Bis zu ihrem 96. Lebensjahr hat sie in ihrem Häuschen in Kuhbach in der Kuhbacher Hauptstraße 17 allein gelebt. Dort, wo sie auch geboren wurde – "an einem Sonntagnachmittag um drei Uhr", wie sie erzählt.

Leonie Biehler, geborene Herrmann, spricht von einer "ganz normalen Kindheit". Aufgewachsen ist sie in gut bürgerlichen Verhältnissen. Ihr Vater Wilhelm Herrmann führte mit seinem Kompagnon das Großhandelsunternehmen "Herrmann und Licht." Bekannt war der Betrieb in der Kaiserstraße 44 in Lahr für beste Textilien, Kurzwaren und Schreibwaren.

Als gute Schülerin wechselte Leonie Biehler nach der vierten Klasse an die Oberrealschule in Lahr. Nach der mittleren Reife ging sie ihrer Mutter im Haushalt zur Seite. Auf ein Jahr Haushaltsschule am Bodensee folgte der Ruf der Mutter, unbedingt wieder nach Hause zu kommen und sie im Haushalt zu unterstützen. "Ich habe praktisch meinen kleinen Bruder aufgezogen", so Biehler. Aber auch der Vater brauchte dringend Unterstützung im Unternehmen, wo sie bis zur ihrer Rente "als Mädchen für alles" eingesetzt war.

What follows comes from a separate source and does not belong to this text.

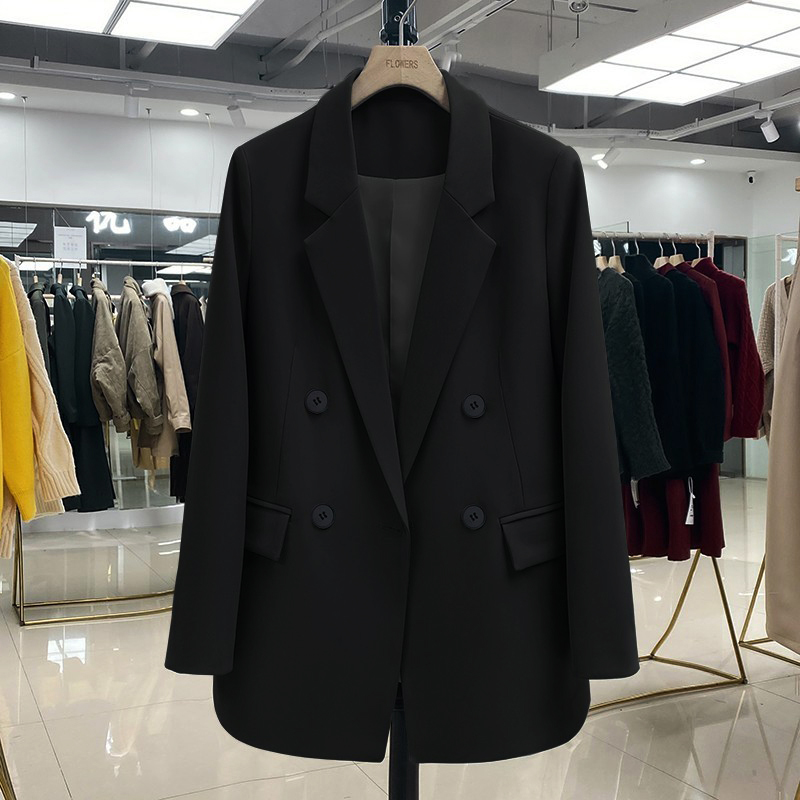 Elegant Black Suit Jacket for Women - Slim-Fit, Versatile Design for Autumn 2025, Perfect for Petite Sizes Elegant Black Suit Jacket for Women - Slim-Fit, Versatile Design for Autumn 2025, Perfect for Petite Sizes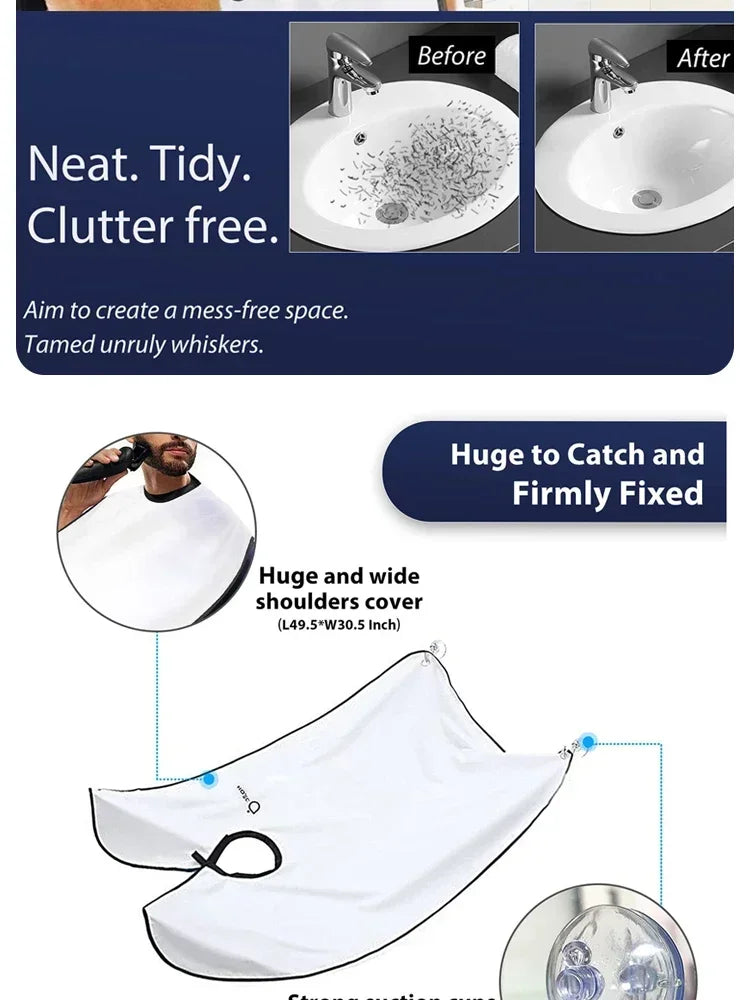 Male Shaving Apron Beard Catcher Cape Care Bib Face Shaved Hair Adult Bibs Shaver Cleaning Hairdresser for Man Clean Apron Gift Beauty Fashion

Gemessen an ihrem Lebensalter war ihr nur ein ganz kurzes persönliches und privates Glück vergönnt. 1937 lernte sie ihren künftigen Ehemann Anton Biehler beim Tanz in Kuhbach kennen. Der Beginn des Zweiten Weltkriegs riss das junge Paar auseinander. Aus Italien habe ihr Verlobter wunderschönen Stoff geschickt, aus dem die Hausnäherin ein Brautkleid geschneidert habe. 1944 kehrte Anton Biehler zur Trauung in der Kuhbacher Dorfkirche zurück. Kaum einen Tag später ging es wieder zurück in den Kriegseinsatz. Leonie Biehler hat nie mehr etwas von ihm gehört. Vermisst in Rumänien oder in der Tschechoslowakei, mehr als eine Vermutung und ein kleines Schwarzweiß-Foto auf der Kommode ist ihr nicht geblieben.

"Ich habe alle Institutionen angeschrieben", sagt Leonie Biehler. Bis heute wüsste sie gern, wo ihr Mann verblieben ist. Trost fand sie auch in ihrem starken Glauben. Im Zimmer im Seniorenheim Kursana in Friesenheim liebt sie vor allem ein kleines Gemälde in Öl, das die Brudertalkapelle in Kuhbach zeigt.

Ihren 100. Geburtstag organisieren ihre Nichten, die regelmäßig im Seniorenheim vorbeischauen.